The US added
311,000 jobs in February to make for another strong month in the labor market. Importantly, the small downward revisions of -21,000 in December (to 239,000) and -13,000 in January (to 504,000) confirm that the labor market is really as hot as it is. Despite the nice jobs gain, the unemployment rate ticked up 0.2 ppts from the extreme low of 3.4% to 3.6%. The increase in the unemployment rate was caused by an increase of 242,000 in the number of unemployed and a 0.1 ppt increase in the labor force participation rate. This puts the labor force participation rate up 0.3 ppts from a year ago, a welcome change that will continue to help cool off the labor market. The service sector continues to be the driver of labor market strength, adding 245,000 jobs, well over the 20,000 added in the goods sector and 46,000 added in the government sector. The leisure and hospitality industry added another 100,000+ jobs with the education and health services industry not far behind at 74,000. Despite weakness in the manufacturing industry, it still posts marginal employment gains, adding 20,000+ jobs in each of the last three months. As expected, strong labor demand has led to further wage growth. The general level of average hourly earnings grew 0.2% MoM to an annual increase of 4.6% YoY which is higher than the 4.4% YoY reported in January.
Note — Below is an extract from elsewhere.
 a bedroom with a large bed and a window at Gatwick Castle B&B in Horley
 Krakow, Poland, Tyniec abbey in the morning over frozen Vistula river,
However, there was some upward pressure from base effects.
Regardless, there is little evidence that the labor market is weakening. Some of the underlying data suggest there is a more complicated trend to decipher as unemployment measures did advance in February, but the increase in the labor force is the likely explanation there. While a growing labor force helps to loosen labor market tightness, it will do little to stem economic strength derived from growing consumer disposable income which drives inflationary pressures. And in fact, wage growth is still strong which is putting more money in the hands of consumers to spend (which they’ve been very willing to do in the post-COVID era). This report will support the narrative of a 50 bps rate hike later this month by the Fed, and the CPI report next will be key in confirming that pace. That being said, I see little reason to expect the US economy to enter a recession in the first half of 2023, and a higher terminal rate will likely be needed to make that more likely in the latter half of 2023.